During my four years in Rome, I made a habit of attending an annual Roma soccer match, often choosing to see the Eternal City’s team play their geographic rivals, Lazio. It would be as if Metairie played Jefferson Parish—except with Metairie being a cultural treasure in the hypo.
Just walking into Stadio Olimpico, the shared stadium of Roma and Lazio, fans’ eyes would tear up. Primarily this was because the polizia had been shooting tear gas, but tears are tears.
The passion with every kick, the flares shot at every opportunity, the riot gear deployed for every fan skirmish—those derbys had it all. Except they weren’t in English. And my Italian was never stadium-ready. Come si dice…quello che ho sentito…lo stuff con lo handwaving?
Enter Burnley. Its 1883 stadium just appears, dropped down among homes and shops, at only a slightly higher profile. It was charming, just like its fans. “Who woulda ever thought we could compete with Aston Villa!?” I heard as we left the 1-1 draw.
But that was back in 2009. Thursday afternoon Burnley get Villa again. This time on the road. This time needing more than a one-point draw.
With two matches to play, Burnley sit in 18th position, on the wrong side of the relegation safety zone. Thursday afternoon and Sunday morning combine to seal their 2022-23 fate—and possibly the club’s fate period. You see, an American consortium took them over last year (stop me if you’ve heard this in, like, any area of business), cutting the margins, taking more profits, and shackling the club with debt (which accelerates if they drop out of the Premier League because…of course).

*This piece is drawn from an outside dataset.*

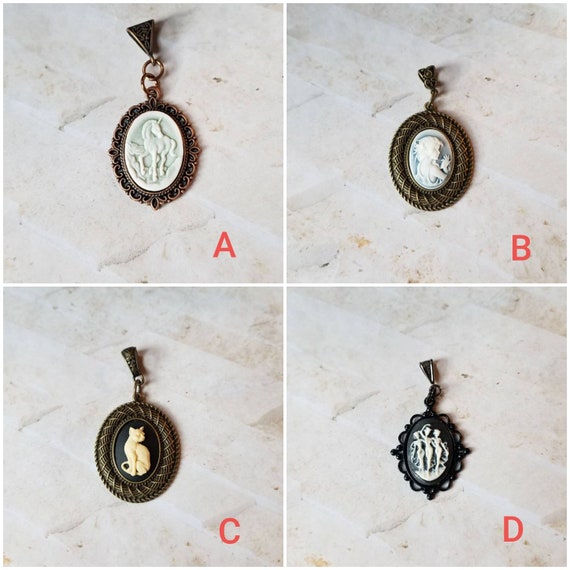 Cameo pendant, cameo necklace, Three Graces cameo pendant, unicorn cameo pendant, girl with pearls cameo pendant, cat cameo pendant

Burnley can be tough enough to watch—more because of their lack of offensive polish than their pronounced defensive toughness (no matter Liverpool’s whining). But tuning into the team against fellow industrial town no-names and, worse yet, on ESPN+? Try explaining that to your wife—or any other sentient being. That would be tough.
But so is Burnley.
So root for Burnley—or Leeds United or Everton, their competitors in the relegation race from dubiousness. It’s good to pick a side. Despite it all, for another matchday, I’m with Burnley.
The yelling you hear at Finn McCool’s Sunday morning may be enough to drown out another round of soccer tears—the international language of soccer fandom.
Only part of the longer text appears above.